But what about other upland game birds? Neither grouse nor woodcock were mentioned in the logbooks. It’s possible they found their way into the cuisine, as both were native to the region, but the Pilgrims probably would have caught them with snares rather than expending valuable shot on such small targets. And pheasants? Certainly not. They wouldn’t be imported into the United States for a full century.
Americans adore potatoes, but spuds were strangely absent at the first Thanksgiving, since neither white nor sweet varieties had been introduced to the region yet. Instead, other offerings took center stage, including onions, corn, beans, cabbage, spinach, garlic, and turnips, along with gourds, squashes, and pumpkins. All were easy to preserve and grew well in the temperamental New England soil. Calorie-rich nuts, including walnuts, beechnuts, and chestnuts, (before the nation-wide blight that decimated their numbers) were another staple of the time.
Fruit, including cranberries, plums, grapes, and raspberries complemented the savory offerings. According to a History Channel documentary, however, the equally loved and loathed cranberry relish wouldn’t make an appearance for 50 years, which meant most of the original Mayflower crew never experienced it.

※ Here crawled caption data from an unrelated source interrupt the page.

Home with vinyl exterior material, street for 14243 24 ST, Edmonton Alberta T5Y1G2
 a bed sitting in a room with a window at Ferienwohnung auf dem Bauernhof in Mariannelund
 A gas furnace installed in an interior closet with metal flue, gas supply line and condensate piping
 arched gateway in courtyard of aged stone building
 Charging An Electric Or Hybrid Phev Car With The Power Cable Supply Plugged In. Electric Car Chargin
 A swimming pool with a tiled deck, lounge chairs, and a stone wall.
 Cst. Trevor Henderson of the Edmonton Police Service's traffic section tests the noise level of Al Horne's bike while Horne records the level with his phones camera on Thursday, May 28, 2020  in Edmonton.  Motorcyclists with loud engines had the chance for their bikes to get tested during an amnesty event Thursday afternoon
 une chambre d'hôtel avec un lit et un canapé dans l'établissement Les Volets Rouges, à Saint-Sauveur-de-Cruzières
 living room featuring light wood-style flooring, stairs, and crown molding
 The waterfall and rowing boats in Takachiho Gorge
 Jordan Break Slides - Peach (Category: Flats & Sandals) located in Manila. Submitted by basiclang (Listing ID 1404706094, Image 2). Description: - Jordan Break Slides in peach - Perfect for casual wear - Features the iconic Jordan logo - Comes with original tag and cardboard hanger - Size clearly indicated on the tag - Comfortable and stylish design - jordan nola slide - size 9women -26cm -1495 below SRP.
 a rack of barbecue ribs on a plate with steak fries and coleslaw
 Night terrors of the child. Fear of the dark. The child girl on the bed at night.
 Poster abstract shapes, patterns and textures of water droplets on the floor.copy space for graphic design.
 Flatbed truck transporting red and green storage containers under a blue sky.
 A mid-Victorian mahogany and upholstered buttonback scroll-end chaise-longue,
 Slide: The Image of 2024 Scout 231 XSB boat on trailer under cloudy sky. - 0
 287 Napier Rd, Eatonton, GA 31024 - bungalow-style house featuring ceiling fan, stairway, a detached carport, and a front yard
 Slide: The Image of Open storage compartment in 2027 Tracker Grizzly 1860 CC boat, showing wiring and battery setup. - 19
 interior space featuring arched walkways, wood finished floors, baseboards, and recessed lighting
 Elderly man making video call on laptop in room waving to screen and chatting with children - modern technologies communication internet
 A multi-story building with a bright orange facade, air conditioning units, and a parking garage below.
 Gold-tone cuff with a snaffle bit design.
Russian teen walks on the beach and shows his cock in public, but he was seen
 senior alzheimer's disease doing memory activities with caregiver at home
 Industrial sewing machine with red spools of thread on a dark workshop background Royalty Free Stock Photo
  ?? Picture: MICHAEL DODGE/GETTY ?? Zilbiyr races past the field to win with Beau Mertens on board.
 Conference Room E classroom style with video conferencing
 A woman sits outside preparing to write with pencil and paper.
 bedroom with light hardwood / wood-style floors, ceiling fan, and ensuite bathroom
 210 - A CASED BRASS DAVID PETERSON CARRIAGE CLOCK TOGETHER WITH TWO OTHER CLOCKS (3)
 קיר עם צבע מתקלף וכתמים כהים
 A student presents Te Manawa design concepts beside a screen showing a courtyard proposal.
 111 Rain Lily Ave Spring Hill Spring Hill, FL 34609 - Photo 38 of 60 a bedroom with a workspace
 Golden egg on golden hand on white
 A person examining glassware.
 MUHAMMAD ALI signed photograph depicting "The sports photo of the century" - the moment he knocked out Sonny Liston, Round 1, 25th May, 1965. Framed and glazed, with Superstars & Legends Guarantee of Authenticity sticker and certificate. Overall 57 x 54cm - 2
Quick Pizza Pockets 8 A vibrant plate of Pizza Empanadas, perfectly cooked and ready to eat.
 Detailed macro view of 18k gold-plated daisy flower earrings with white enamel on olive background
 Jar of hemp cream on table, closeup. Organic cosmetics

Living hard by the sea as they did, the Pilgrims netted eels, fish, and shellfish, including clams, oysters, lobsters, and mussels. Seafood-based stuffing still shows up in traditional-minded New England homes but has fallen from favor in other areas of the country.
And now a brief aside. Regular readers of this column know I was raised by salt-of-the-earth hippies. We ate lots of garden-grown vegetables and fresh-caught fish, but eels were thankfully absent — a Godsend since my father had grown up in New York. Nevertheless, the pioneer kid in me pined for wild game, and I never understood why we always bought a Butterball bird when wild gobblers roamed our neighborhood in hoards, even back then.
To make matters worse, gun chatter was largely absent from our family gatherings. Talk about shotguns and rifle was mostly verboten, as the conservative Dutch would say. Some of my uncles called themselves sportsmen, but I got the sense that their deer camps were less about hunting and more about late-night card games and bleary-eyed mornings.
To this day I fantasize about recreating a version of that first Thanksgiving feast. Not that I need to harvest a suburban turkey with a matchlock, but incorporating venison or waterfowl into our holiday meal would have been a welcome addition. On second thought, I’d probably be the only one who truly appreciated the effort. My family isn’t overly fond of game, so shredded squirrel or flash-fried woodcock would probably fall flat. Ces’t la vie, more for me!
Either way, Thanksgiving is a prime time to swap stories — a pastime that hunters and anglers have perfected through the years. If we gathered around a table together, I’d relish the opportunity to hear about the hard-won gobbler you called in last spring, or the jump-shot ducks you bagged on the river. Furthermore, I’d love to hear a retelling of that bruiser buck you dropped with Grandpa’s old lever rifle. And while you’re at it, pass a slab of that steelhead — the one you fooled with a fly pattern we dreamed up last winter when the snow flew. I want to sample your prize-winning squash and chat about the beans you canned over the summer.
Four hundred years ago, the Pilgrims endured uncertainty and strife, sickness and loss, and these challenges haven’t disappeared from modern-day life. Contemporary afflictions assume different forms, but acknowledging blessings is vital to contentment. Physical nourishment is one thing, but memories are even more fulfilling.
As the season winds down, we remember a season’s worth of hits and the misses, all the fish netted and lost, and perhaps most importantly, an opportunity to rehash time afield with family and friends. Fellowship is what Thanksgiving is all about, and shared experiences are what fill our cups.